Return a copy of every line in the data below that contains "shirt".

_ _ _ _

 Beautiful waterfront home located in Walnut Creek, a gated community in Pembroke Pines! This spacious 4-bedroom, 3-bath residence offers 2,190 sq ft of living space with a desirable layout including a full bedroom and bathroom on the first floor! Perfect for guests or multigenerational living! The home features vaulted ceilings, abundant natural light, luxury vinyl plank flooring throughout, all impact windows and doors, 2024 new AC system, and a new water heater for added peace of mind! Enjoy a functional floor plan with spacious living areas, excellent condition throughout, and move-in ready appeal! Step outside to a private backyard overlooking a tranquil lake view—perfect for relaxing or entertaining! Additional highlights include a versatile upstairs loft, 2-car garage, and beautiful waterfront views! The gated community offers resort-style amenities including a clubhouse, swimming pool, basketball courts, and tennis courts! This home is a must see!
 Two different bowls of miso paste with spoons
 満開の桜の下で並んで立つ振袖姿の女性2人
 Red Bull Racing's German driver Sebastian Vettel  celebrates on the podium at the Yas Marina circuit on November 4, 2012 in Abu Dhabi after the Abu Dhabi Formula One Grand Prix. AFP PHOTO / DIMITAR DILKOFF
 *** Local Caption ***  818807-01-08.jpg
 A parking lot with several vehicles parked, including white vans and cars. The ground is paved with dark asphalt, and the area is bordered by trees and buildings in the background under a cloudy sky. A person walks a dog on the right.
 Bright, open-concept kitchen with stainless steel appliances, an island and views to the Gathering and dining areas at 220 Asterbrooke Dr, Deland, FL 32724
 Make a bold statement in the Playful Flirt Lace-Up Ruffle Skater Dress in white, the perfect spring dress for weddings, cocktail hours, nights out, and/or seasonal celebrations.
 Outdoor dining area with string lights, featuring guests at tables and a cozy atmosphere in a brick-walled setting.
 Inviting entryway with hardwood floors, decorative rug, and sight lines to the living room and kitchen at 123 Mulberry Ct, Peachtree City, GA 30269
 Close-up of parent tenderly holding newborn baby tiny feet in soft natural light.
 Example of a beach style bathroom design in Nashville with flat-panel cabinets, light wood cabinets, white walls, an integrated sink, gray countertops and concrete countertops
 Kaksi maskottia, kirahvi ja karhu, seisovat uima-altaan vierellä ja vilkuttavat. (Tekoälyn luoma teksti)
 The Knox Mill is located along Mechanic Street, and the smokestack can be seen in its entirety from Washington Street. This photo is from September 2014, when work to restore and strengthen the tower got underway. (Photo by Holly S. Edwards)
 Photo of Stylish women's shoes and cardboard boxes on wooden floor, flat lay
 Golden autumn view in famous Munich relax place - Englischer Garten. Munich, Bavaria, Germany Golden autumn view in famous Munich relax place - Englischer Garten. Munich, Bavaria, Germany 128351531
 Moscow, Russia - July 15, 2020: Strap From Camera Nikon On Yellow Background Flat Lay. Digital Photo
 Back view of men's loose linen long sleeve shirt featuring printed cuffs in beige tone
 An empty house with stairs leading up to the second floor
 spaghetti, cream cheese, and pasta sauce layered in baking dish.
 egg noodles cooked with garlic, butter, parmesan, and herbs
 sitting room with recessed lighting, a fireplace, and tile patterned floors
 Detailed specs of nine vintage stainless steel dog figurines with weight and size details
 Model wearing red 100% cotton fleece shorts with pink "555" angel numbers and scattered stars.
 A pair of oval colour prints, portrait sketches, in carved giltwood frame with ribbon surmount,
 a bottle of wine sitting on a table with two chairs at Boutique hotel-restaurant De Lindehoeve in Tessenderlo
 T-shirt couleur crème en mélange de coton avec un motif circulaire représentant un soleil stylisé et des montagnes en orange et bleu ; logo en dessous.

_ _ _ _

◆ Problem solution
 Back view of men's loose linen long sleeve shirt featuring printed cuffs in beige tone
 T-shirt couleur crème en mélange de coton avec un motif circulaire représentant un soleil stylisé et des montagnes en orange et bleu ; logo en dessous.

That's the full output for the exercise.